Storyboarding isn’t torture,

Story Boarding: It’s not torture.


I saw Rebecca Skloot, author of The Immortal Life of Henrietta Lacks, at a conference just after her landmark book exploded into the reading world. As she spoke about her own writing process, she recounted the story of watching a movie where several narratives had been interwoven throughout the action and having an epiphany: she should story board her narrative nonfiction memoir as a screenplay writer might do.

Fellow writer, Janet Sunderland, who I contacted to help me think about my own plot, showed me how to combine Freytag’s Triangle (you remember that chart from your Intro. to Lit.
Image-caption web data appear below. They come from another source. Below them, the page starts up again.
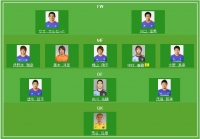 ファンサカ2節の布陣(暫定)
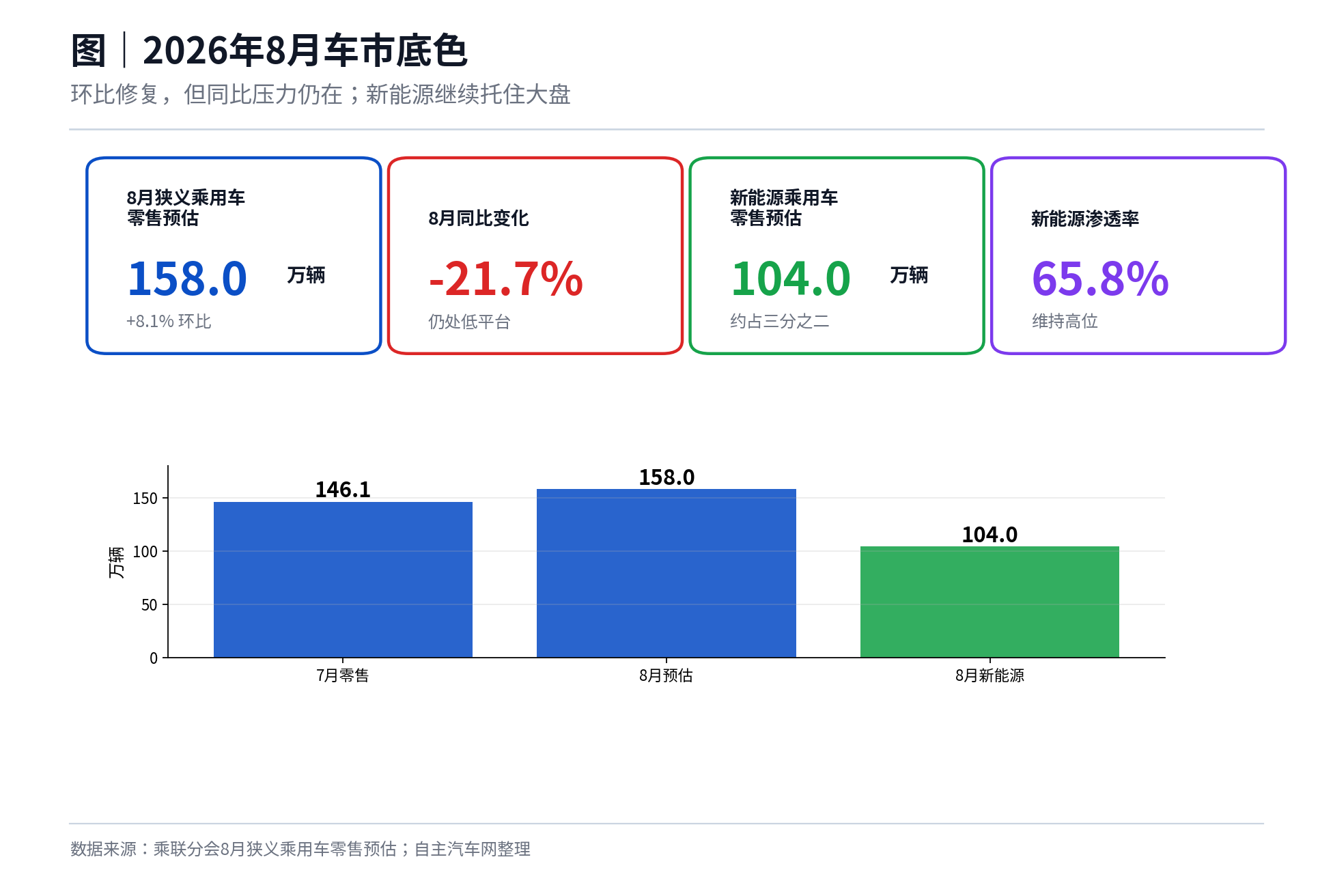 8月车市摊牌：淡季里杀出新价格战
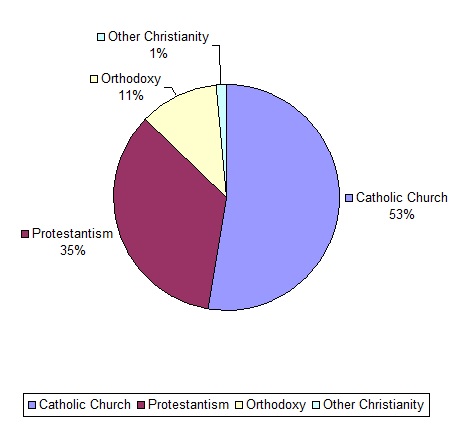 Differences Between Denominations Chart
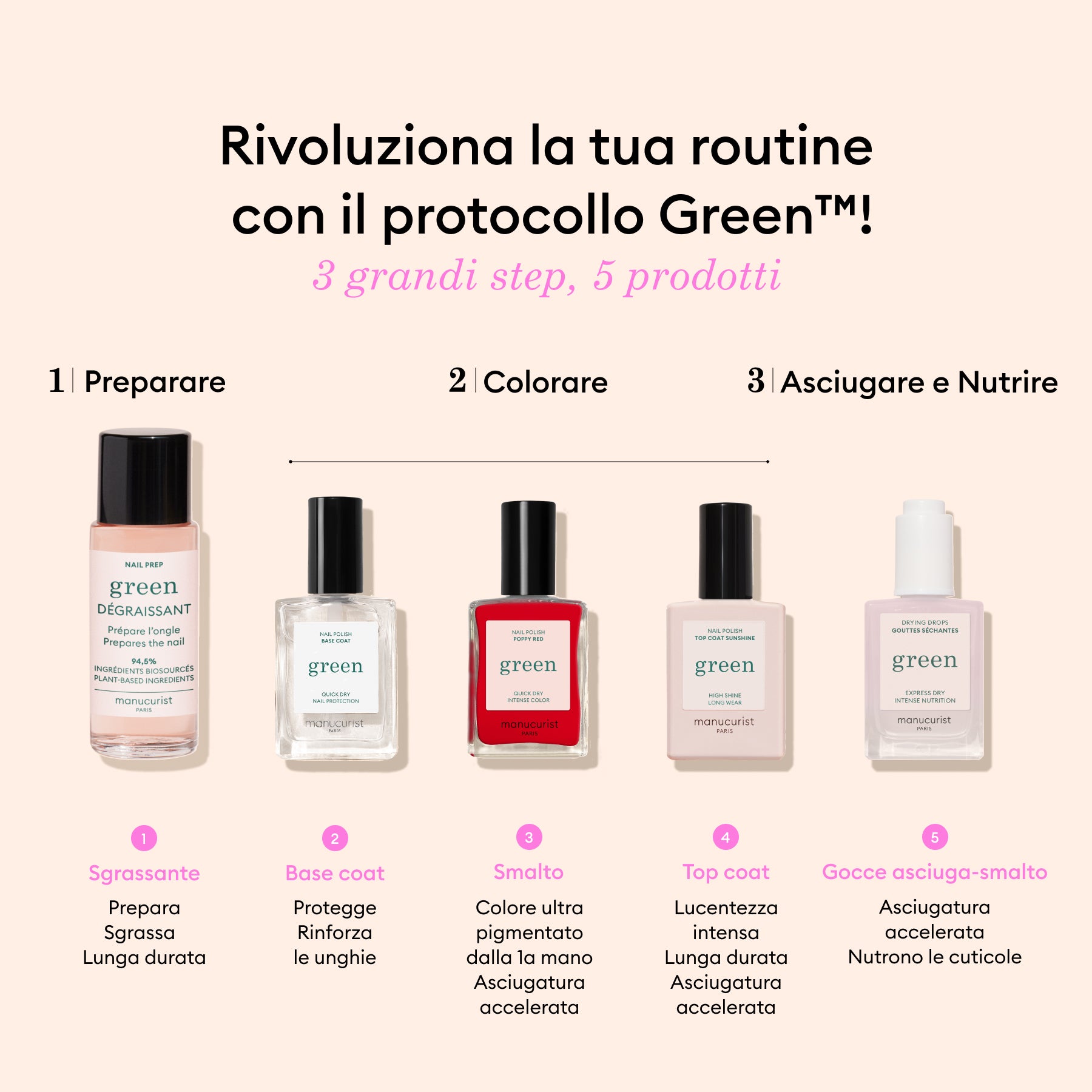 Tutto il necessario per il protocollo Green™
Class!) and a storyboard visual aid to help me plot my story.

I’ve included a photo of the storyboard I have hanging in the hallway outside my home office. On three large pieces of paper, I drew Freytag. On Post-It Notes, I wrote all the plot points I wanted to include in my narrative. As always, I paid special attention to conflict and climax. Then I stuck them all to the wall. Now I can add scenes that haven’t been written yet, and I can reorganize scenes (and then put them back where they started) with a bit of stick-um.

Skloot also talked about transferring her original storyboard to color coded cards; each color represented one of the narrative threads. So even if you aren’t working on a book length manuscript, visual aids like outlines, story boards and the old fashioned 3×5 cards can help. Of course, there’s always Scrivner.